K-means
Intended for:
- all variables are of quantitative type
- Squared Euclidean distance as the dissimilarity measure
Algorithm
- Init centroids
- iter until convergence:
- update each data point's label
- update centroids
- check convergence
Implementation
import numpy as np
from sklearn import datasets
import matplotlib.pyplot as plt
iris = datasets.load_iris()
X, y = iris.data, iris.target
def randomCent(data, k):
return data[np.random.choice(data.shape[0],k,replace=False)]
def squareEucliDist(A,B):
return np.sum(np.power(A-B, 2))
def kMeans(data, k, dist=squareEucliDist, cent=randomCent, ITER = 100, show=True):
n = data.shape[0]
labels = np.zeros(data.shape[0], np.int32)
centroids = cent(data, k)
converged = False
iter = 0
if show:
plt.scatter(data[:,0],data[:,1])
plt.ion()
while not converged:
iter += 1
old_centroids = centroids.copy()
# update labels
for i in range(n):
d = np.array([dist(data[i],centroids[j]) for j in range(k)])
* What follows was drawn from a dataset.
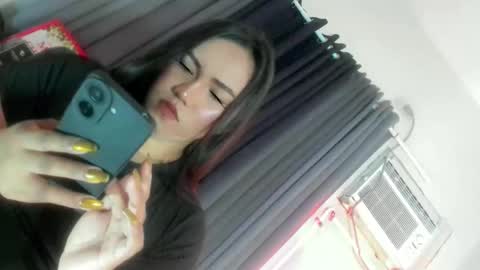 nia_jaxx online show from February 5, 2026, 11:15 am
labels[i] = np.argsort(d)[0]
# update centroids
for m in range(k):
centroids[m] = np.mean(data[labels==m],axis=0)
if show:
plt.cla()
for m in range(k):
tmp = data[labels==m]
plt.scatter(tmp[:,0], tmp[:,1], marker='x')
plt.scatter(centroids[:,0],centroids[:,1], marker='o')
plt.pause(0.2)
# check converge
if np.mean(np.power(old_centroids-centroids, 2))==0 or iter==ITER:
converged = True
if show:
plt.ioff()
plt.show()
return labels, centroids
data = X[:,[1,3]]
labels, cent = kMeans(data, 3, show=True)
data = X[:,:]
labels, cent = kMeans(data, 3, show=False)
print('Accuracy:',max(np.sum(labels==y), np.sum(labels==(y+3)%3), np.sum(labels==(y+2)%3))/y.shape[0])
sklean
from sklearn.cluster import KMeans
km = KMeans(3).fit(data)
labels, cent = km.labels_, km.cluster_centers_
'''
KMeans()
n_clusters = 8
init = 'k-means++'
n_init = 10 # run idependently for 10 times and select the best
max_iter = 300
random_state = None # random seed. eg.set to 0
algorithm = 'auto'
other uses:
labels = KMeans(3).fit_predict(data)
test = km.predict([1,2])
...
'''
k-means++
select the initial centroids as far as possible:
def ppCent(data, k, dist=squareEucliDist):
centroids = list(data[np.random.choice(data.shape[0],1)])
for i in range(1, k):
D = []
for j in range(data.shape[0]):
D.append([dist(data[j],centroids[k]) for k in range(len(centroids))])
D = np.min(np.array(D),axis=1)
centroids.append(data[np.argsort(D)[-1]])
return np.array(centroids)
(Weighted) Kernel k-means
One limit for k-means is that it always cluster by a hyperplane.
So we can use a transfer function \(\phi()\) to transfer each data vector into a higher dimension, then apply traditional k-means.
Besides, we can also add weight for each data vector.
\[
\displaylines{
\sum_{c=1}^{k}\sum_{a_i \in \pi_c} w_i||\phi(a_i) - m_c||^2
}
\]
Further more, if we simply expand the \(l2\) norm, we notice that we even needn't knowing the explicit form of \(\phi()\) to compute this norm.
All we need is a Kernel Matrix \(K\), where \(K_{ij} = \phi(a_i)\phi(a_j)\)
for example, a polynomial \(K\) can be defined as:
\[
\displaylines{
K_{ij} = (a_i \cdot a_j + c)^d
}
\]
Spherical k-means
Used in document clustering, replace Euclidean Distance with Cosine Distance.